Roberto Praino (Golfodianese “B”) non potrà scendere in campo fino al 31 dicembre perché “a fine gara, al rientro negli spogliatoi, insultava l’arbitro con grave ingiuria di contenuto esplicitamente razzista e, non contento, lo attingeva al petto con uno sputo”. Inoltre dovrà saltare un’ulteriore partita per aver collezionato il quarto cartellino giallo.
Manuel Pennone (Porto Maurizio) è stato squalificato per cinque giornate in quanto “espulso per aver ingiuriato e minacciato un avversario, usciva dal recinto di gioco e, raggiunti gli spalti, aggrediva con calci e pugni un sostenitore della squadra avversaria”.
Quattro turni di stop a Endri Dinushi (Golfodianese “B”), espulso che “dopo una decisione tecnica tentava di colpire l’arbitro senza riuscirvi ed usciva dal terreno di gioco solo grazie all’intervento di un proprio compagno”.

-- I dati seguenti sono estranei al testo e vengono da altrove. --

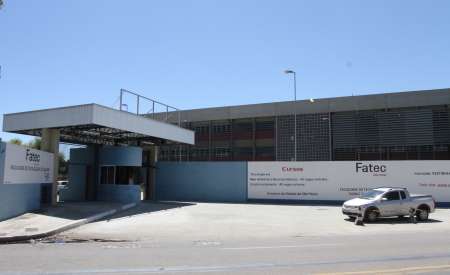 FATEC de Jacareí realiza feira de tecnologia a partir desta terça
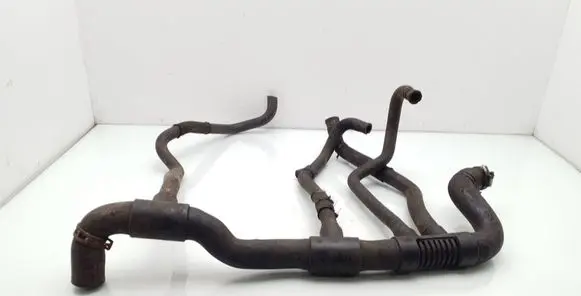Coolant pipe/hose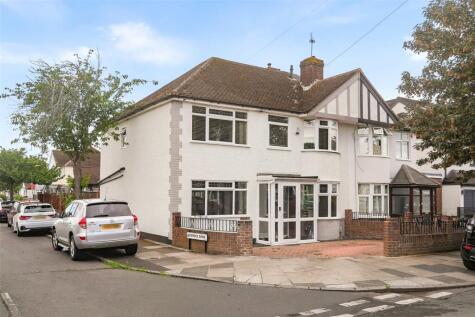 Lyndhurst Avenue, Twickenham, TW2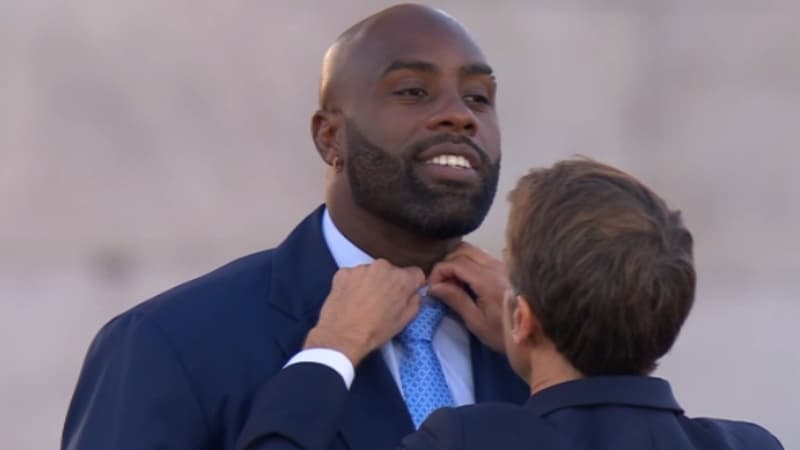 JO 2024: quand Emmanuel Macron reboutonne le col de Teddy Riner avant de le faire commandeur de l’Ordre National du Mérite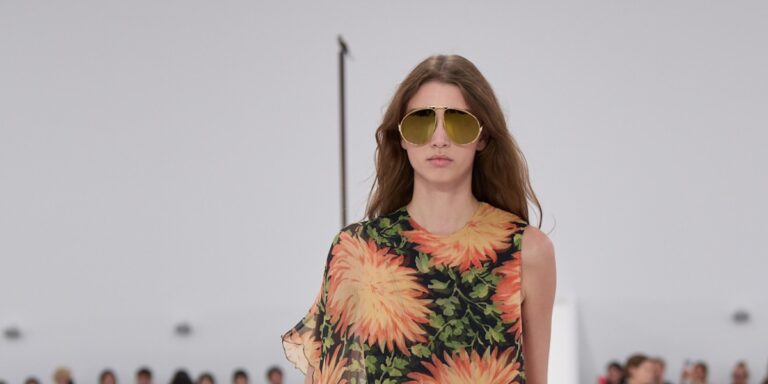 القماش الشفاف بتصاميم جذابة مميّزة.. إعتمديه في إطلالات صيف 2025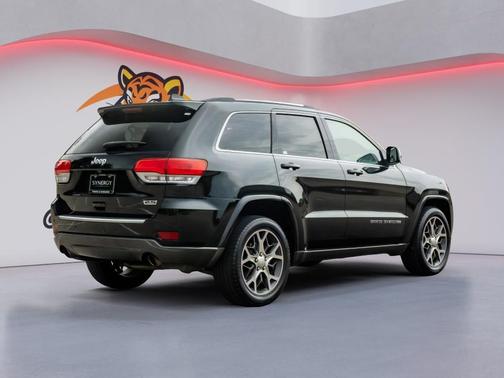 Diamond Black Crystal Pearlcoat 2018 Jeep Grand Cherokee Sterling Edition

Fatos Bici (Golfodianese “B”) dovrà saltare tre partite perché, espulso, “non condividendo una decisione tecnica del direttore di gara scagliava con forza il pallone contro l’arbitro senza colpirlo”.
Per due giornate è stato fermato Fabio Curto (Val Prino). Una giornata di squalifica a Cesare Rolando (Mallare), Juan Pablo Pereira, Mohamed El Maazouzi (Borgio Verezzi), Filippo Accattini (Dopolavoro Ferroviario Savona), Leonard Leka (Rocchettese), Salvatore Baglio, Diego Scorsone (San Filippo Neri), Francesco Andre Porcu, Riccardo Spirito (Virtus Sanremo), Giuseppe Coppola, Christian Barretta, Alberto Borgognoni, Marco Salvatico (Bastia), Marco Odella (Murialdo), Danilo Giordano (Porto Maurizio), Luca Del Monte (Val Prino).
Mario Mossello, allenatore della Golfodianese “B”, è stato squalificato fino al 30 aprile perché “già richiamato dall’arbitro durante l’incontro, a fine gara si avvicinava al direttore di gara con atteggiamento minaccioso e vantando la propria appartenenza all’Arma dei Carabinieri, minacciava ingiuste conseguenze al di fuori delle competizioni sportive”.
La Golfodianese “B” è stata multata di 150 euro perché “a fine gara tifosi locali lanciavano pietre ed accendino contro l’arbitro che non veniva colpito”. Ammenda di 80 euro al Mallare “per comportamento ingiurioso dei propri sostenitori nei confronti dell’arbitro durante la gara”.